Portrait of the Painter Kitty L. Kielland
Harriet Backer·1883
Historical Context
Harriet Backer painted this portrait of her close friend and fellow artist Kitty L. Kielland in 1883, during the years both women were studying and working in Paris — one of the most significant periods of artistic friendship in Norwegian art history. Backer and Kielland were among the small number of Norwegian women who made the journey to Paris for serious artistic training in this period, studying at the ateliers open to women students (the École des Beaux-Arts remained closed to women until 1897). Their friendship, sustained throughout their lives, produced multiple artistic exchanges and cross-references, including this portrait and Kielland's later portrait of Backer. The choice to paint a fellow artist — another serious professional woman — rather than a conventional female model signals Backer's interest in women as intellectual peers. Kielland, who would become known for her atmospheric Jæren peat bog landscapes, is here presented not as landscape painter but as individual presence. The portrait is now at the National Museum in Oslo, appropriate placement for a work documenting two of Norway's most significant women artists.
Technical Analysis
The 1883 Paris date gives the portrait a technical context: Backer was absorbing lessons from Léon Bonnat and the broader Parisian naturalist tradition, and the portrait likely shows the careful academic modelling, limited palette, and psychological seriousness characteristic of that training. The face receives the most resolved handling, with looser treatment of the clothing and background consistent with Parisian plein-air influenced approaches.
Look Closer
- ◆The subject's expression — engaged but self-contained — conveys the mutual respect of two professional artists: Kielland is not posed as a passive model but depicted as a thinking presence.

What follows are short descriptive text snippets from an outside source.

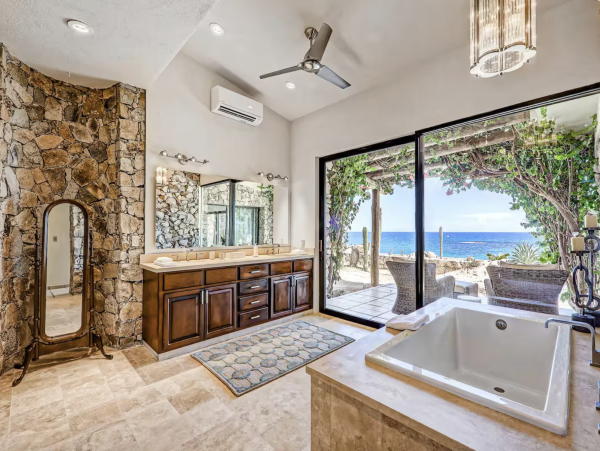Direct Beachfront Five Bedroom Luxury Beach Villa Cabo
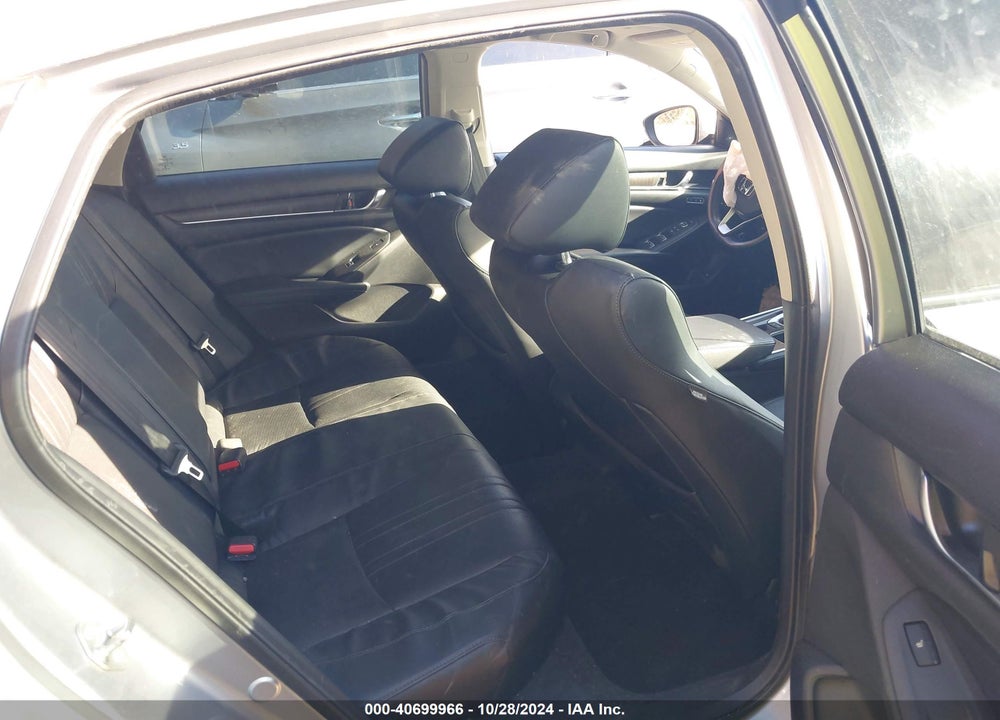 2018 HONDA ACCORD TOURING VIN: 1HGCV1F97JA213342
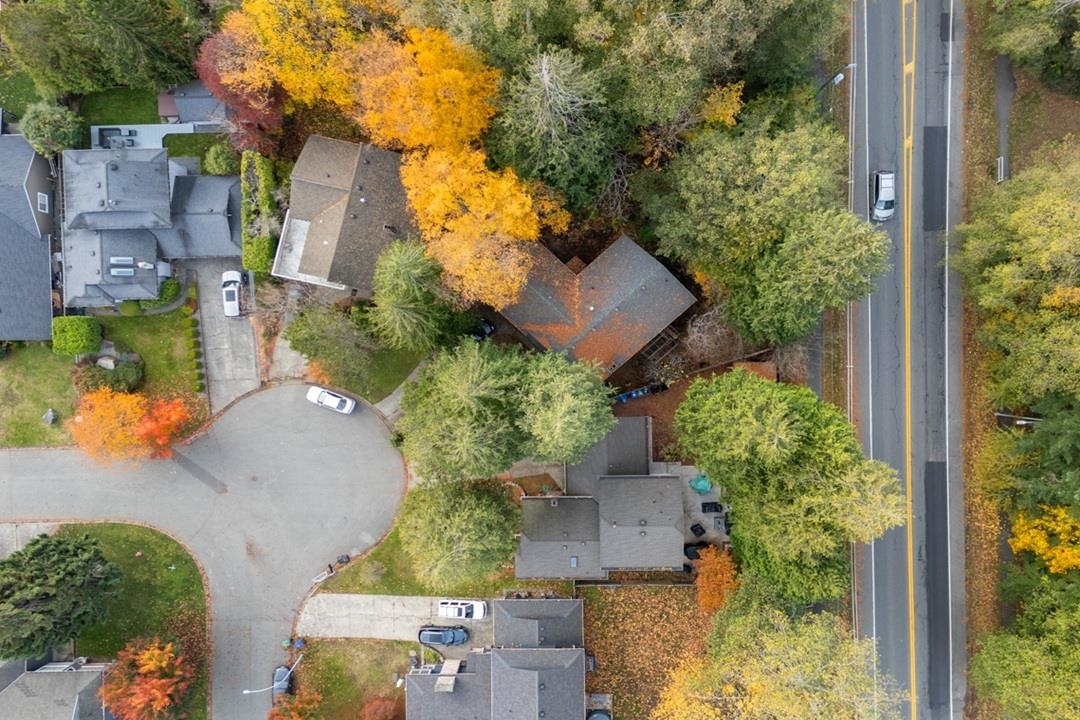 Dining Area Photo of 13317 15b Avenue, Surrey, BC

- ◆The palette is likely relatively subdued, reflecting both Parisian academic training and the seriousness with which Backer approached the psychological demands of portraiture.
- ◆The handling of the dress or studio clothing — probably plain, professional attire rather than elaborate costume — signals that this is a portrait of a working colleague rather than a social performance.
- ◆The background, kept neutral or loosely suggested, focuses all attention on the face and its expression of an intelligent, somewhat inward personality.